Intent data: what is it? 

Your potential buyers are out there right now searching for the products and services you provide. 

They’re consuming content and speaking with competitive representatives. Intent Data captures the information of target customers who are already inching their way through the buyer’s journey. Exactly what information intent data provides you depends on the source.  

“Intent data at its core helps predict the likelihood of an organization being in-market for a specific solution at a given time.” 

Tukan Das, VP of Product Management at Foundry

Businesses can track B2B buying intent across multiple different sources both online and offline. Software vendors rely on three sources of intent. 


First-party intent

​​First-party intent is information you collect about your audience from your digital properties (website, blog, etc.) that indicates an elevated interest (or intent) to purchase. This data includes: pages visited, email interactions, content downloads, and form fills.


Second-party intent

Second-party intent data is when a company sells their first-party data.

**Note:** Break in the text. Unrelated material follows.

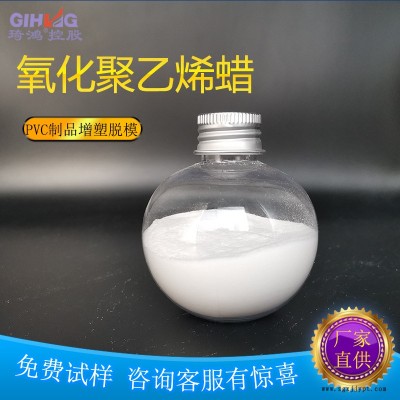 浙江求購(gòu)氧化聚乙烯蠟 PVC板材增塑脫模劑蠟粉 琦鴻高密度氧化聚乙烯蠟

They collect information on their users and then package it for other companies to buy. G2 is an example of a second-party intent data provider. This data includes: contact name, company, job title, email, and phone number. 


Third-party intent

Third-party data is intelligence mined from up to millions of sources, websites, publisher networks, public forums, SEC filings, data co-ops, Ad networks, social networks, etc. The data collected isn’t specific. Usually, this data includes only the knowledge that someone at a company has engaged with specific content, it’s up to you to guess who. 


Foundry’s third-party intent

At Foundry, we take a fundamentally different approach to identifying intent signals. We crawl and mine the public web to provide you with detailed contact level signals. Our team will tell you a contact’s name, company, job title, email, Linkedin profile URL, phone number, and what tools they/their company uses. On top of that, you also know what signals and keywords they engaged with. These insights enable you to market and sell to them efficiently, and personalize your outreach.  

We know B2B buying behavior is extremely complex so we cross-reference intelligence from multiple sources to capture buying intent. It goes way beyond just content consumption on the Internet, some of the strongest intent signals are actually latent or indirect. If we notice a company hires a new Director of Culture, that might be a signal of intent for an employee engagement company. Or if we learn from an SEC filing or podcast recording that a company is going to double down on IT security and compliance for next year, that could be a good lead for a cyber security company. On the whole, intent data is here to take the guesswork out of prospecting. 

Getting the most out of your intent data

Treating intent data leads the same as every other lead is a mistake. Ask yourself how you can use these insights to supplement what you’re already doing to make your strategies more effective. 


Marketing

Leverage intent data for a competitive advantage. You don’t have to wait for potential buyers to visit your site and give up their contact information before generating a lead. With intent insights, you can craft email and ad campaigns based on what you know your target audience cares about and engages with at different stages of the buyer’s journey.  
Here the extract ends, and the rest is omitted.